The more important, convenient aspect of this setup is that not only do I have 10 Gbps connectivity from each ESXi host to the FreeNAS box for storage, but because of how the bridge acts, I have 10 Gbps connectivity between hosts as well!  Granted, for this to work, you need the FreeNAS node to be up and available.  If I reboot my FreeNAS node (which would be an issue anyway since it’s not HA and all my VMs run from it), I will get “Network Connectivity Lost” alarms withing vCenter because the link goes down since there is no switch between the hosts.  However, by utilizing the same vmkernel for vMotion as I already do for NFS connectivity, I gain vMotion over 10 Gbps.  This performs extremely well and is so simple because there is no switch involved!

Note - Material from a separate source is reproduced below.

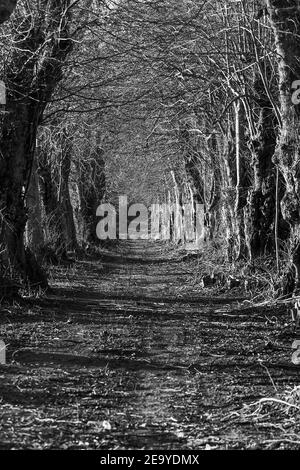 Die alte Lindenallee im Winter. Schöne Landschaft der Schwarz-Weiß-Fotografie Stockfoto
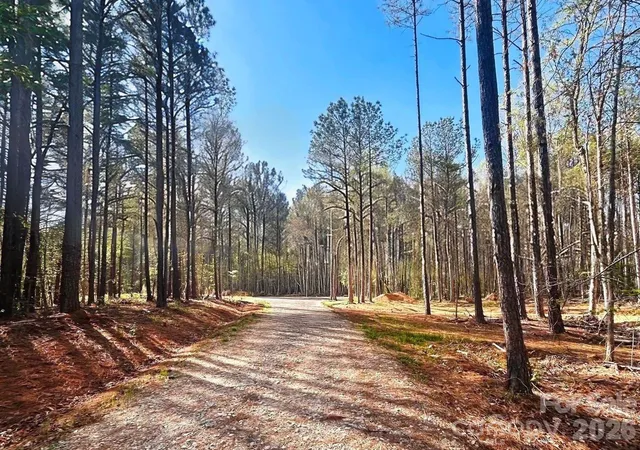 1st image of 0 Peden Bridge Rd, Chester, SC 29706 | MLS# 4365706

Further, jumbo frames between nodes and FreeNAS is fully supported so long as everything is configured properly end-to-end.  It’s pretty much the most convenient setup you can accomplish without introducing expensive 10 Gbps switches.  There’s not very much CPU overhead on the FreeNAS server during vMotion events since the NIC is really just forwarding anyway and even if there were, I have found that the E5620 2.4 GHz CPUs are total overkill for this storage device as-is.  Obviously this switchless 10 Gbps solution will not work as-is if you have a third ESXi host.  I do think you’d be able to add an additional Chelsio T420-CR Dual Port card and bridge all four SFP+ ports, allowing for a total of four ESXi hosts in the setup w/ single SFP+ NICs.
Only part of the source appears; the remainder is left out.